Maverick a Strike's title track offers the clearest proof that Quaye is more than a one-shot deal. "Here I come again / To take away the pain / Lift up your arms," he sings with the authority of a young Jimmy Cliff, as a hypnotic ratchet beat drives the track home. My arms are raised, Finley -- and so are my spirits. (**** 1/2)

-- Tim Fleck

Victoria Williams
Musings of a Creekdipper

In a single week, two different writers in the same newspaper described Victoria Williams's voice as "an acquired taste" -- critic-speak for something the general public might not like and embrace. But in the case of Williams, the situation is somewhat more complex than that.
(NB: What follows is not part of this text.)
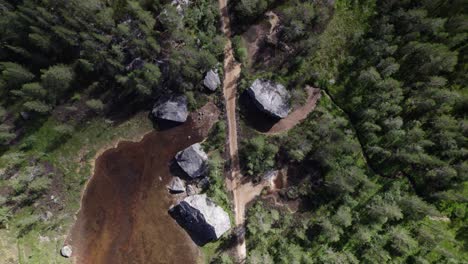 Flying-over-dirt-road-through-luscious-green-forest-with-small-water-hole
Admittedly, Williams has a vocal instrument that is chirpy and girlish, rife with arty inflections, like some small bird with colorful paisley plumage. But these days, when emotive female singers such as Tori Amos, Fiona Apple and Jewel can find chart success, Williams isn't such an anomaly as a vocalist, even if her tones and attack are somewhat quirkier than most. Still, Musings of a Creekdipper isn't the sort of work that has any real chance at mass acceptance, even as it deserves a wider airing than that it will doubtless receive. That's because Williams's music is as much (if not more of) an acquired taste as her voice.